#### SOURCE DATA ####

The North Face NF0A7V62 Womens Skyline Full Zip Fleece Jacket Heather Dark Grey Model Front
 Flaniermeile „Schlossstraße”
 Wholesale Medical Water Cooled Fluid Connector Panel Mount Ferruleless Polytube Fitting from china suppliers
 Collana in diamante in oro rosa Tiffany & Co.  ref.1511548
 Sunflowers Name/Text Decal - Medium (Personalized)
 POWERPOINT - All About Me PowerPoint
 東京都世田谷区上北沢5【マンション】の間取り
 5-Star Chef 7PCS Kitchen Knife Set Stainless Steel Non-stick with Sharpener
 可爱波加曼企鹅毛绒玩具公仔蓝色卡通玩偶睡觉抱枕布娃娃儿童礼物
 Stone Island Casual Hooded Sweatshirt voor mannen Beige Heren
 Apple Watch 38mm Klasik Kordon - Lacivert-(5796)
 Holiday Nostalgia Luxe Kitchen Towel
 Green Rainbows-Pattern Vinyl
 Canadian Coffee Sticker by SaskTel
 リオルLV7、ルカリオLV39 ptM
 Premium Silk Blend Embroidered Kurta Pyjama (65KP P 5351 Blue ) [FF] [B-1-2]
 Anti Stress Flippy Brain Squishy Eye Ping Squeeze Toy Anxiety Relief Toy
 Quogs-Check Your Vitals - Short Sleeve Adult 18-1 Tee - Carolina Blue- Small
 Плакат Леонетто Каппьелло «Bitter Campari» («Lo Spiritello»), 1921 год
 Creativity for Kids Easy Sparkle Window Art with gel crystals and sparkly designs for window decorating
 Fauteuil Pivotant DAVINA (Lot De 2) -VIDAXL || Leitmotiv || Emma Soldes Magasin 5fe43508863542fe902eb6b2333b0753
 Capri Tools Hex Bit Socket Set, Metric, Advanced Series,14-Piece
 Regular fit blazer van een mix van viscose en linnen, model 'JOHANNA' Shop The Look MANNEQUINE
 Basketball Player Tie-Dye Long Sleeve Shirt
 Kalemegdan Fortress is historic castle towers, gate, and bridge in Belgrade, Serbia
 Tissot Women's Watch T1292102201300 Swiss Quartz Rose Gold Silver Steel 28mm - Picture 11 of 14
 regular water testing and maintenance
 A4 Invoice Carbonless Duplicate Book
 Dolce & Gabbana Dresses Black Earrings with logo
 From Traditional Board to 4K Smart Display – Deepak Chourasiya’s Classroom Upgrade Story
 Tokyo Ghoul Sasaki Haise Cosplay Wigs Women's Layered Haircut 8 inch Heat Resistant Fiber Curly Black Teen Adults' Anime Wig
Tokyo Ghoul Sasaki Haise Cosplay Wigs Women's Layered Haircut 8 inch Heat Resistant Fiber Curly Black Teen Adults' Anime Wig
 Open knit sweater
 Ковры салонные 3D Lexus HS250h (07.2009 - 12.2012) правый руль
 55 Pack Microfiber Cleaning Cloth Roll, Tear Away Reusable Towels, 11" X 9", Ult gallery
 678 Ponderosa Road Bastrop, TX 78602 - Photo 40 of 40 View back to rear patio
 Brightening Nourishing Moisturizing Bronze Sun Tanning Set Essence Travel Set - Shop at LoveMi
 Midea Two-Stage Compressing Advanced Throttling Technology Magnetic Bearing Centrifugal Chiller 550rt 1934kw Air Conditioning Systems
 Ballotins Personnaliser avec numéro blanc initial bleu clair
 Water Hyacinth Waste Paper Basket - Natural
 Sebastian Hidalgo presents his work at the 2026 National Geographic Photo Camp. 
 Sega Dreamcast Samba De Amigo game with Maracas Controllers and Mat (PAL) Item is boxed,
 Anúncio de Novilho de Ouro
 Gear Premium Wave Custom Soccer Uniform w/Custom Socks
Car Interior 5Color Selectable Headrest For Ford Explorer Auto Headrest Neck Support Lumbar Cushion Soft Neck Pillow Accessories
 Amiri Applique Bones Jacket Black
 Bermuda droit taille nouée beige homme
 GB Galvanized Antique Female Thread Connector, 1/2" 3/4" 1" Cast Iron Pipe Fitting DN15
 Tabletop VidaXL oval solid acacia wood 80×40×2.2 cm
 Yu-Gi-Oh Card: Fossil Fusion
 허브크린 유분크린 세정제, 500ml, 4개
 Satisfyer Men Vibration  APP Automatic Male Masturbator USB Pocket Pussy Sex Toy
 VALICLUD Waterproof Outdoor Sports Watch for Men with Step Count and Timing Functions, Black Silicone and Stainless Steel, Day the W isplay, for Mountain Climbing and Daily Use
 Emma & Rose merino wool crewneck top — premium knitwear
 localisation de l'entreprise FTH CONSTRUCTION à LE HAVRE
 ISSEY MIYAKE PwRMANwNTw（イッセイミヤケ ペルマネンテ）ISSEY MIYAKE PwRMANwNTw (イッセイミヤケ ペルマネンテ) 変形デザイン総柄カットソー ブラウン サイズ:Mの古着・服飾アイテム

####

> PROMPT
What lines in the entries above hold "Advanced"? Copy every one.

> OUTPUT
 Capri Tools Hex Bit Socket Set, Metric, Advanced Series,14-Piece
 Midea Two-Stage Compressing Advanced Throttling Technology Magnetic Bearing Centrifugal Chiller 550rt 1934kw Air Conditioning Systems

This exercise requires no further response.